Zastosowałam go 3 razy i leży. Niestety nie działa tak jak obiecuje to producent. Ja nie zobaczyłam żadnej poprawy. Po samym wyciskaniu żelu miałam już serdecznie dość, gdzie tu producent widzi „płynną formułę” to ja nie wiem. Nałożyłam na twarz- oczywiście męcząc się rozcieraniem na twarzy! Klei się, ciągnie, przerywa..  Po nałożeniu cienkiej warstwy podczas ściągania plastry przerywają się, nie chcą schodzić tak jak powinny w ostateczności trzeba resztę zmywać wodą. Jeśli natomiast nałożymy grubą warstwę to znowu trzeba! bardzo! Długo czekać aż żel wyschnie. Jest to uciążliwe i męczące, bo maseczka dość mocno przykleja się do twarzy co w rezultacie przynosi również zaczerwienienia po ściągnięciu maski. Fakt odczuwa się świeżość na twarzy, ale to chyba bardziej ulga, pozbyło się lepkiej warstwy z twarzy. Tak jak wspomniałam na początku po takich męczarniach i bez żadnego efektu nie pokuszę się na ten produkt. Mała tubka 30 ml, a koszt to około 18 złotych- widząc tą cenę myślałam, ze warto- niestety rozczarowanie.

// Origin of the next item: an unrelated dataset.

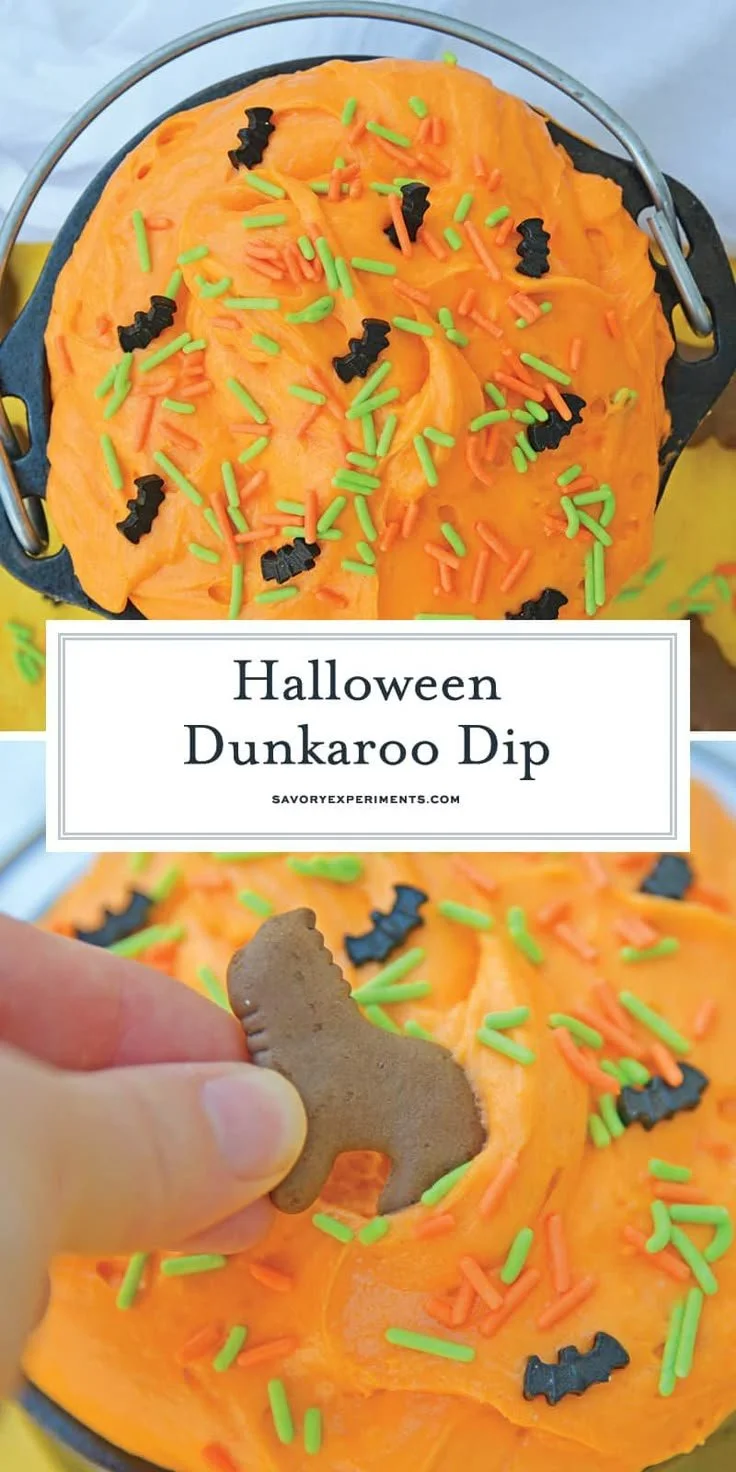 Delicious Halloween Cake Dip - Cake Batter Dip served in festive bowls.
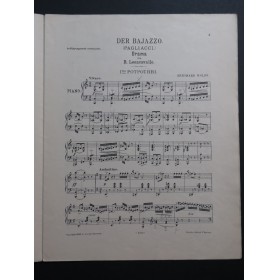 WOLFF Bernhard Der Bajazzo 1er Potpourri Piano 1913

 A może Wy macie jakieś pozytywne opinie na temat tego kosmetyku?



wtorek, 14 stycznia 2014

Bielenda- peeling gruboziarnisty.



Dla mnie szok ! Peeling porządnie oczyszcza, zastanawiam się czy dla mnie wręcz nie za ostry. Pierwsza myśl po otwarciu to delikatny, zapach, bardzo przyjemny, jednak nie jestem w stanie go do niczego porównać. ;-)  Dzięki żelowej konsystencji fajnie się rozprowadza na twarzy i równie dobrze i szybko zmywa. Stosując go pierwszy raz troszkę się wystraszyłam i szybko zmyłam, miałam wrażenie, ze zaraz zejdzie mi cała skóra z twarzy. ;-) Ale kolejnym razem podeszłam ostrożniej, delikatnie wmasowałam żel w twarz. Drobinki są naprawdę grube, ale testując na sobie stwierdzam, ze nie wyrządzają szkód na twarzy, chodź wiadomo na początku jest dość zaczerwieniona, jednak gdy to zniknie widać efekty oczyszczenia i wygładzenia twarzy. Co jeszcze miło mnie zaskoczyło przy otwarciu ? Chyba pierwszy raz udało mi się otworzyć saszetkę bez problemów, jednym ruchem. Zazwyczaj się mecze, bo otwierając rozciąga się folia zabezpieczająca od spodu. ( nie umiem tego określić, ale może zrozumiecie o jaką folię mi chodzi. ) ;-) 

PLUSY:
-grube drobinki,
-bardzo dobrze złuszcza,
- skóra oczyszczona i wygładzona, bardzo dobrze wygładza !
-żelowa konsystencja
-cera odświeżona, jednolity kolor,
-skóra rzadziej się przetłuszcza,  
- krem który użyłam po peelingu, szybko się wchłonął.
-pory są widocznie zmniejszone,
- delikatny przyjemny zapach.

MINUSY:
- mały minusik za drobne podrażnienia, jednak moja  cera specjalnie tego nie odczuwa. Chwilowy efekt pieczenia po zastosowaniu.

Cena maseczki to ok. 2 zł.  Moim zdaniem warto spróbować- zachęcam osoby z cerą mieszana i tłustą.